Fiction in the time of Covid – Episode 10
Welcome back to the world of our daring duo Mrs. MacPhillamy and doting granddaughter Tiffany. The pair has endured lockdowns, Harrod closures, and yes, Boris Johnson. But the gals have kept up their spirits – gin and the occasional straight vodka shot – and they managed to get out of dreadful London and head north.
As you’ll remember from last time while they couldn’t snare the best hotel in the Lake District they were prepared to hunker down in the four-star Truffle & Trotter Inn. But nature had other plans readers if you recall in their last escapade – episode 9.
Yes, folks, they struck a huge storm on the M1 highway, and well when they arrived, the inn was just a shadow, if not a shell, of its former self.
Their only recourse was the hip flask.
However, this time we discover that Mrs. Mac, normally a feisty individual who will not be silenced, has taken a somewhat Zen approach to the whole unfortunate situation.

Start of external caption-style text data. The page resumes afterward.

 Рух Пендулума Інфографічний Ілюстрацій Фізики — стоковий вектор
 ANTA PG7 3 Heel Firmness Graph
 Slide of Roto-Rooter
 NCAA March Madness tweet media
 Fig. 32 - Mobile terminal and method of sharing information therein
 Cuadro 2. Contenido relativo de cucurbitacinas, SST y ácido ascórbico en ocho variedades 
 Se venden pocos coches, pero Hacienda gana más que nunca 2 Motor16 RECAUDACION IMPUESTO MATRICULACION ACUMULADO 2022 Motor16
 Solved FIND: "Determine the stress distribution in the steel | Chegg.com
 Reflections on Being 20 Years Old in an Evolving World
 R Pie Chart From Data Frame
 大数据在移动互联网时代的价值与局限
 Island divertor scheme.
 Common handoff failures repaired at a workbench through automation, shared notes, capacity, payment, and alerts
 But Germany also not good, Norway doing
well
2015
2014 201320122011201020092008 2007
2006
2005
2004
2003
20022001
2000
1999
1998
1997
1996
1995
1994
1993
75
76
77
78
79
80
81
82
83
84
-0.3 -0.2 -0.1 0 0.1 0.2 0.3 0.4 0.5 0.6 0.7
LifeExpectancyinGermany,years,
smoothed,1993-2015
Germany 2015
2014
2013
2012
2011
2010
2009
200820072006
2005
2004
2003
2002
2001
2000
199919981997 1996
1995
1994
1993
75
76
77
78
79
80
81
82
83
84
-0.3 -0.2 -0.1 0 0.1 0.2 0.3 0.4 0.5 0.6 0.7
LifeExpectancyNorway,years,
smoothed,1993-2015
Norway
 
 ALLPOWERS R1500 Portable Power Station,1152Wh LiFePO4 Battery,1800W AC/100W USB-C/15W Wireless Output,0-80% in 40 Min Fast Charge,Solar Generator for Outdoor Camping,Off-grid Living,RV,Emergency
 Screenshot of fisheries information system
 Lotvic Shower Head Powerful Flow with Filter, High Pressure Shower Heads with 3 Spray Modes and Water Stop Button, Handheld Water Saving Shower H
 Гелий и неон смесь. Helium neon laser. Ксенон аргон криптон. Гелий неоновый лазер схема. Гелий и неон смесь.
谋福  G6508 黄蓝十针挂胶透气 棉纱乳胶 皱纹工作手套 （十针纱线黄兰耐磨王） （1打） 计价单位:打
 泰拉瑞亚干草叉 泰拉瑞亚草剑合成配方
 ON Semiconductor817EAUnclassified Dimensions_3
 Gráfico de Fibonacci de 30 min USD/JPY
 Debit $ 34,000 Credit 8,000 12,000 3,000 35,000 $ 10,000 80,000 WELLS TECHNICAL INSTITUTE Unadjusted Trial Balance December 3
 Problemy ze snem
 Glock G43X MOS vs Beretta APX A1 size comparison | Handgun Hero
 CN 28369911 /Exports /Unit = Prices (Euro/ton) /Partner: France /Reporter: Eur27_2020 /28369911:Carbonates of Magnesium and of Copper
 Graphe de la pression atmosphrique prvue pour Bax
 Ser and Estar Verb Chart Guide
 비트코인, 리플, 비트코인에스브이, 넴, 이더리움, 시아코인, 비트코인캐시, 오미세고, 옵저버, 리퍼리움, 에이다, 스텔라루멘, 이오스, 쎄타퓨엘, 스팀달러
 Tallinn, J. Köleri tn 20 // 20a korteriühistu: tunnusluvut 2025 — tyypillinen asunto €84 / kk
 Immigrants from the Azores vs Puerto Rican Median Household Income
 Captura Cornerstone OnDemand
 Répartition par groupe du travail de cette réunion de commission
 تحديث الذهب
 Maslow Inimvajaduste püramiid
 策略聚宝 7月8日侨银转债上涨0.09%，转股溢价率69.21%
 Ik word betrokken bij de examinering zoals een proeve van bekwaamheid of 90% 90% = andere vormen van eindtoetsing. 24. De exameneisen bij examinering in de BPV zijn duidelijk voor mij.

Who would have thought that Mrs. Mac would develop a late case of sanguinity. Not me….and I write the thing.
So folks, let’s tune in, but first the details.
I enter my Adventures of Tiffany & Mrs. Mac in the monthly Australian Writers’ Centre Furious Fiction writing contest, and quite astoundingly after some 14 stories entered, the judges continue to overlook me. I know – stiff upper lip, stiff gin Darling.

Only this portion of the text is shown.